▸ THE TASK: Leave out any picture and return the remaining listing below exactly as given.

▸ COLLECTED DATA:
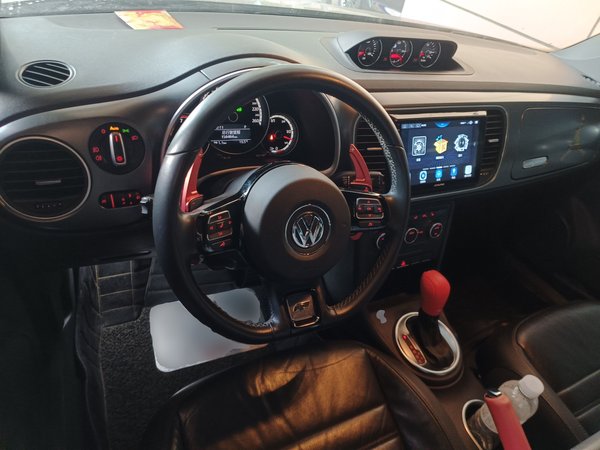 Volkswagen Beetle 2013, 150400 км, за 9908 USD - фото 12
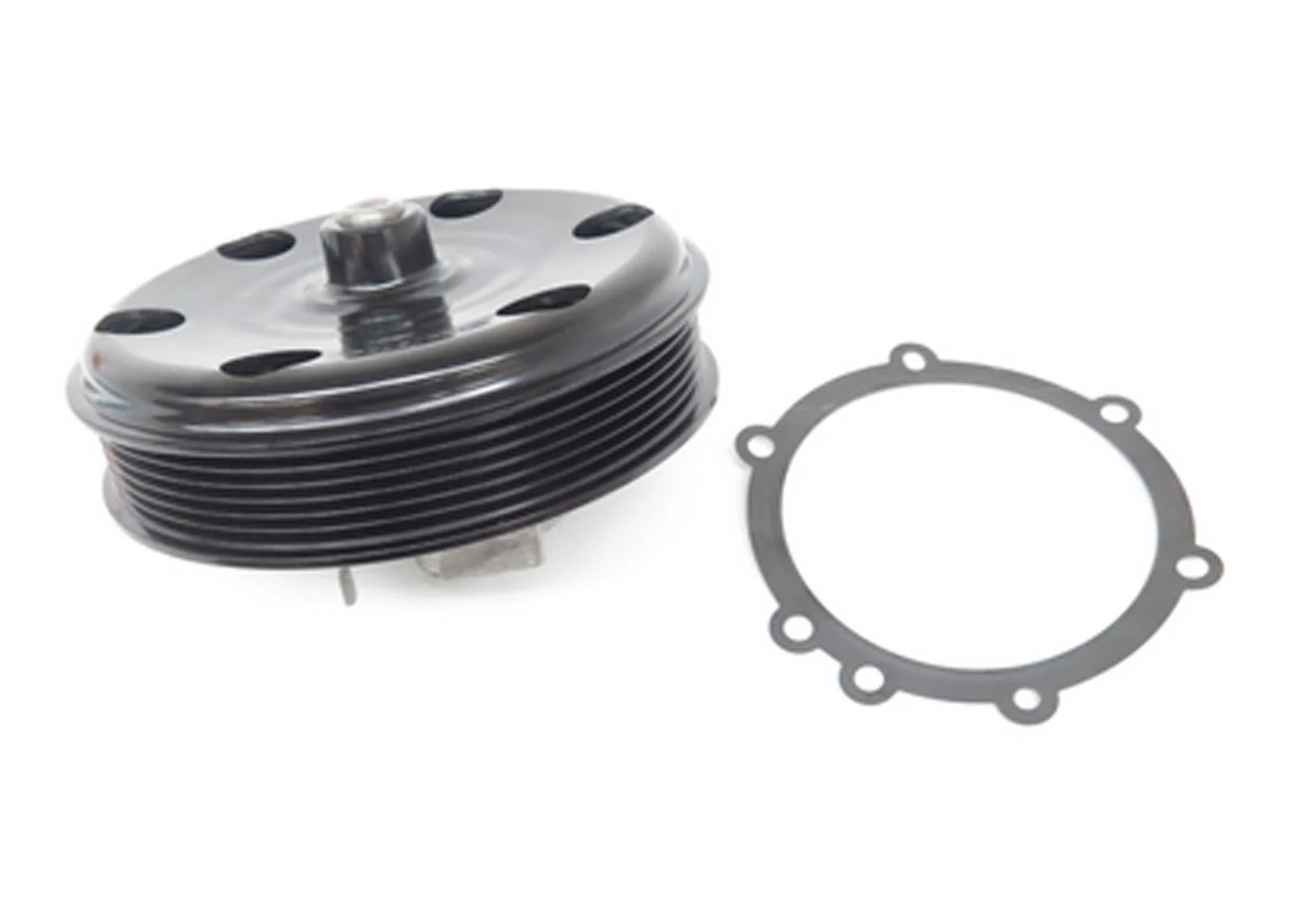 Engine Water Pump + Pulley for Chevrolet Tahoe 2015-2020 5.3L 6.2L 12692045
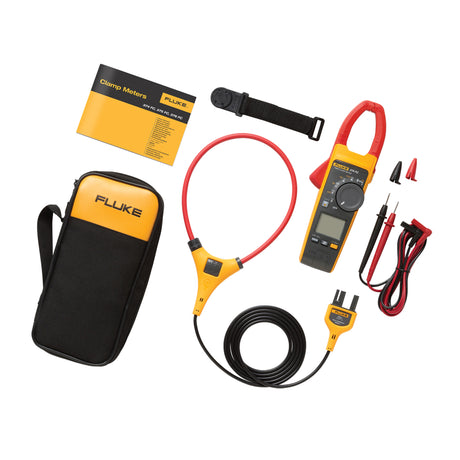 376FC True-rms Wireless Clamp Meter, 1000A/1000V, AC/DC Voltage, AC/DC Current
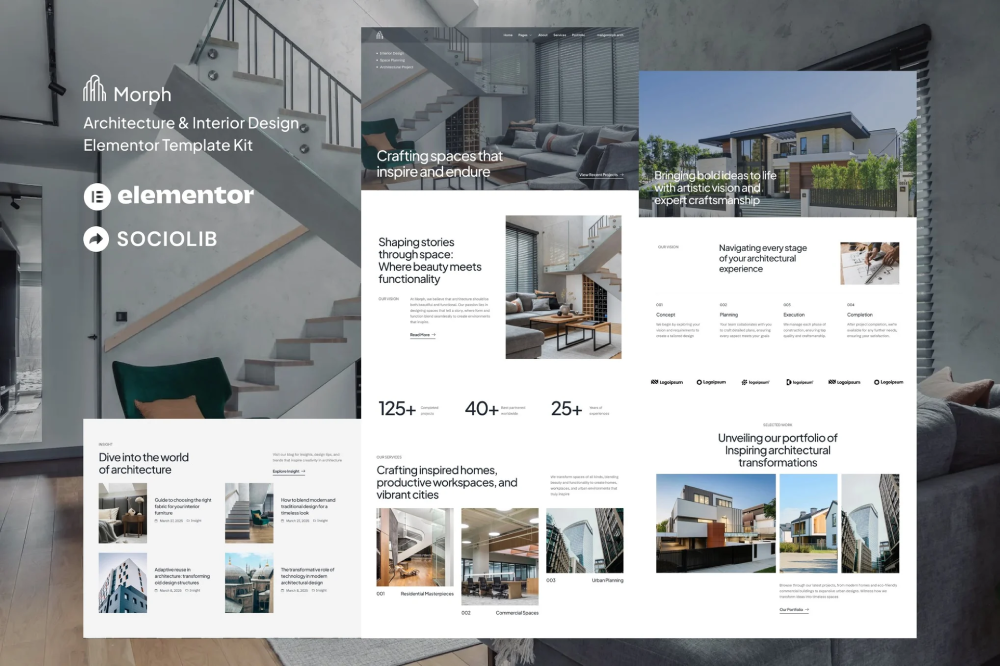 Morph Elementor Template Kit 1 Morph Elementor Template Kit, Elementor Template Kit, Morph Elementor Template Kit - Free Download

▸ OUTPUT FOR THIS EXERCISE:
 Volkswagen Beetle 2013, 150400 км, за 9908 USD - фото 12
 Engine Water Pump + Pulley for Chevrolet Tahoe 2015-2020 5.3L 6.2L 12692045
 376FC True-rms Wireless Clamp Meter, 1000A/1000V, AC/DC Voltage, AC/DC Current
 Morph Elementor Template Kit 1 Morph Elementor Template Kit, Elementor Template Kit, Morph Elementor Template Kit - Free Download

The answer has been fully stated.